Modern society is dominated by the dramatic development of physics and technology from the industrial revolution to the present. This development and its impact on society are explored in the course. A number of topics of current interest such as, nuclear energy, world energy supplies, pollution, global warming, climate change, and possible solutions to the energy crisis are discussed in detail. This course gives students who are majoring in the arts, humanities, business, law, and biomedical sciences an introduction to modern ideas in Physics and to see how these ideas affect our day-to-day lives. (2 lecture hours a week.) Does not count towards the major requirements for a degree in the Department of Physics.

Year 3

*NURS 3510 The Human Meaning of Death
An examination of the human experience of death and dying, the meaning of human life, ethical and cultural aspects, euthanasia, and advanced directives. Lectures, readings, films, and discussions will explore a variety of significant thinkers and concepts concerning death. Through various exercises and shared experiences, students will be encouraged to examine their own feelings and attitudes toward death. (Open to non-nursing students and may be taken as an Arts courseby B.Sc.N. students.) (3 lecture hours a week.)

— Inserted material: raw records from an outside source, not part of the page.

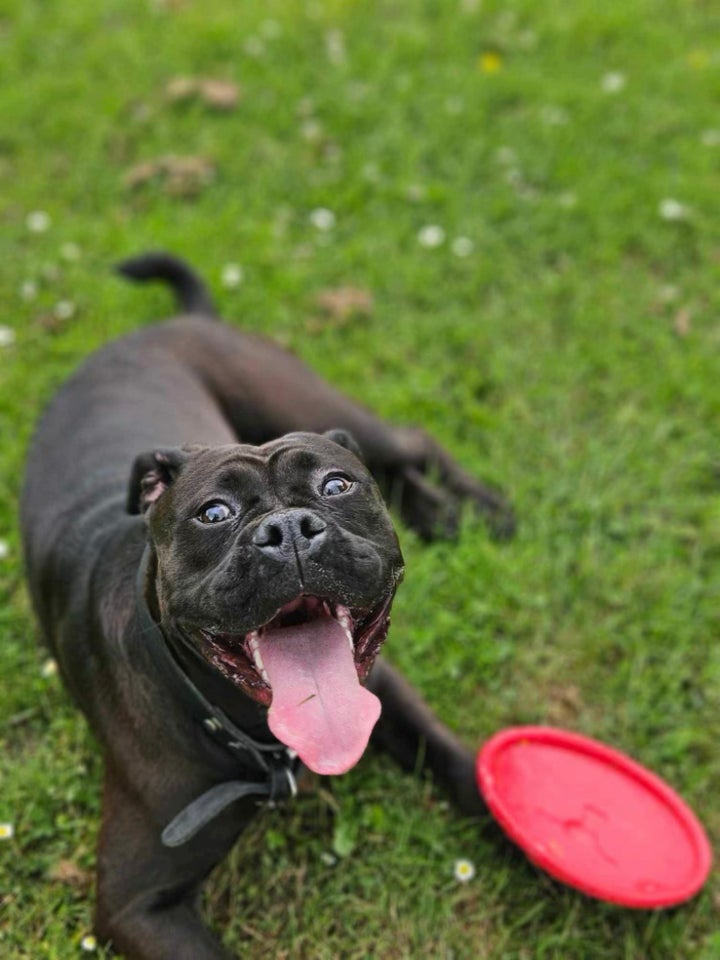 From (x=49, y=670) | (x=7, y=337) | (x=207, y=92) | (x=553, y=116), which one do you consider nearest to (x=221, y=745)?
(x=49, y=670)

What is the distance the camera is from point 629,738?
364cm

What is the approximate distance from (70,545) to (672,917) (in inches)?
84.1

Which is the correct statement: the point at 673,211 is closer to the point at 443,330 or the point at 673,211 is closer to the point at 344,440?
the point at 443,330

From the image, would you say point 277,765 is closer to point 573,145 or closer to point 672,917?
point 672,917

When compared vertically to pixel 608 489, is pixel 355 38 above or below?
above

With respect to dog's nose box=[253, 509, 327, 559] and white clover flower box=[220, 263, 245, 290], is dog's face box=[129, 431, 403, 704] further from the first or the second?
white clover flower box=[220, 263, 245, 290]

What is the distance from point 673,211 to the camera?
18.4ft

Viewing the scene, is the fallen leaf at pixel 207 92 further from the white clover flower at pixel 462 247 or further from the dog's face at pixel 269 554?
the dog's face at pixel 269 554

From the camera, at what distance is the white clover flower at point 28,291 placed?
5.33 m

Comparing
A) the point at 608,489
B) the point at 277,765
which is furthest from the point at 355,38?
the point at 277,765

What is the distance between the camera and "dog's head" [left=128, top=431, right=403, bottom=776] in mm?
2338

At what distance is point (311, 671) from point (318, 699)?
66mm

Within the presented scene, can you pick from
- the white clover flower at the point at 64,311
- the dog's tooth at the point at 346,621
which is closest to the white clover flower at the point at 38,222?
the white clover flower at the point at 64,311

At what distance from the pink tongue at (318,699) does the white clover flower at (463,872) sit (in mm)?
1008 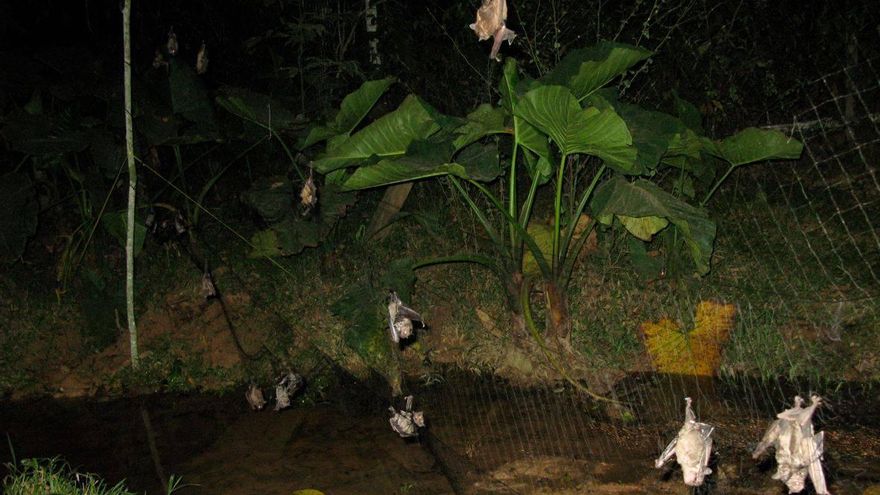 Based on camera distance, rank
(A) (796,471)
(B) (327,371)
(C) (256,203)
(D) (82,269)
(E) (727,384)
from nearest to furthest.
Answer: (A) (796,471) < (E) (727,384) < (B) (327,371) < (C) (256,203) < (D) (82,269)

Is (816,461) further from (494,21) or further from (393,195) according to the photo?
(393,195)

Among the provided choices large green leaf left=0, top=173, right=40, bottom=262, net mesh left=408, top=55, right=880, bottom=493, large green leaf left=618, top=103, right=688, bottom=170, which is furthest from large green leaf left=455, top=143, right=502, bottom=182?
large green leaf left=0, top=173, right=40, bottom=262

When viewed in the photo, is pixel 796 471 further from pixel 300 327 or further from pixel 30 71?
pixel 30 71

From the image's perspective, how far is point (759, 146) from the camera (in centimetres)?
340

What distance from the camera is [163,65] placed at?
14.4ft

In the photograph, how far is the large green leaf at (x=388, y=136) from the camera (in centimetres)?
341

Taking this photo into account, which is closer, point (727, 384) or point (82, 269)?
point (727, 384)

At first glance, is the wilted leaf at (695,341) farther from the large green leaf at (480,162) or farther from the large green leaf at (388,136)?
the large green leaf at (388,136)

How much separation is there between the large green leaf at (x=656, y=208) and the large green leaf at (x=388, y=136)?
0.80 meters

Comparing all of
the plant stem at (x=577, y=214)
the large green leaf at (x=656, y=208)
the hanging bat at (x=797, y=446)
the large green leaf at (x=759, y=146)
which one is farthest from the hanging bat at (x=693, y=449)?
the large green leaf at (x=759, y=146)

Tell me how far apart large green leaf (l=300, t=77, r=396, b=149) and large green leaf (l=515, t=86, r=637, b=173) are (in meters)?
0.83

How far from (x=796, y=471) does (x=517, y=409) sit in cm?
155

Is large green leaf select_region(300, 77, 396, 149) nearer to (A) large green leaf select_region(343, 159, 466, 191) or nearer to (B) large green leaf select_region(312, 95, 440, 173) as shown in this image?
(B) large green leaf select_region(312, 95, 440, 173)

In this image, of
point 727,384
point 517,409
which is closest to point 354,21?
point 517,409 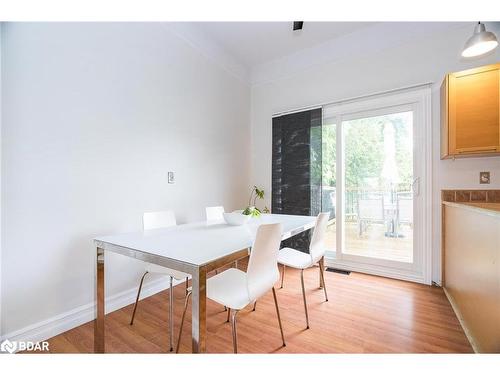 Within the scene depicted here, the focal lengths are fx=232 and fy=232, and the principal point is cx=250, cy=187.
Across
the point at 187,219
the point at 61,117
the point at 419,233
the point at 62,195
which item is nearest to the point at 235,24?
the point at 61,117

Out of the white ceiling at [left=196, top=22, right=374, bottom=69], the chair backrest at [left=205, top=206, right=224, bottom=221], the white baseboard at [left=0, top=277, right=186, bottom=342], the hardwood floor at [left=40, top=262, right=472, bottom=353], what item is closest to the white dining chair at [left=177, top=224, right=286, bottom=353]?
the hardwood floor at [left=40, top=262, right=472, bottom=353]

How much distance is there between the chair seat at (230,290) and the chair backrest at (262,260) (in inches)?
2.4

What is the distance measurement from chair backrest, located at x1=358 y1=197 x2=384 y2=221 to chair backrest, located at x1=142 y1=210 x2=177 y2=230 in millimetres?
2221

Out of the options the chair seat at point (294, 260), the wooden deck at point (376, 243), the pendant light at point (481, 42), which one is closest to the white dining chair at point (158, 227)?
the chair seat at point (294, 260)

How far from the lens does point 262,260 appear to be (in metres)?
1.29

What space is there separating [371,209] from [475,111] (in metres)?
1.32

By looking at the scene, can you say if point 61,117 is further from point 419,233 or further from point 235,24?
point 419,233

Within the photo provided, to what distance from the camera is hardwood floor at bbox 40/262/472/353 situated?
4.92 feet

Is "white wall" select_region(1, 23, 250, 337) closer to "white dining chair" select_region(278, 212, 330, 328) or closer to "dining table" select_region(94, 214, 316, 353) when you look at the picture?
"dining table" select_region(94, 214, 316, 353)

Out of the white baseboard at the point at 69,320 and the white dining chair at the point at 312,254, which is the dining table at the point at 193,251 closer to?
the white dining chair at the point at 312,254

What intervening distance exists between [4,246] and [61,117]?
906 mm

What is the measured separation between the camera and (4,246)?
4.67ft

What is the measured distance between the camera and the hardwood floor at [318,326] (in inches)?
59.0

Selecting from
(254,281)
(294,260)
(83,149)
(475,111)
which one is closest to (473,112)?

*NURS 3990. Selected Topics in Nursing

This selected topics course will offer students an opportunity to study in-depth a topic of interest to individuals preparing for a career in a health profession. The selection of topics will vary from term to term, depending on the expertise of available instructors. May include a lab component depending on the topic. Possible special topics include, Women’s Health, Indigenous Health, etc., but for a complete list of approved courses from within Nursing, please contact the Faculty of Nursing. (Open to non-Nursing students and may be taken to fulfill non-specified course requirements by BScN students.) (3 lecture hours a week, with possible lab component depending on the topic). (May be repeated for credit if content changes)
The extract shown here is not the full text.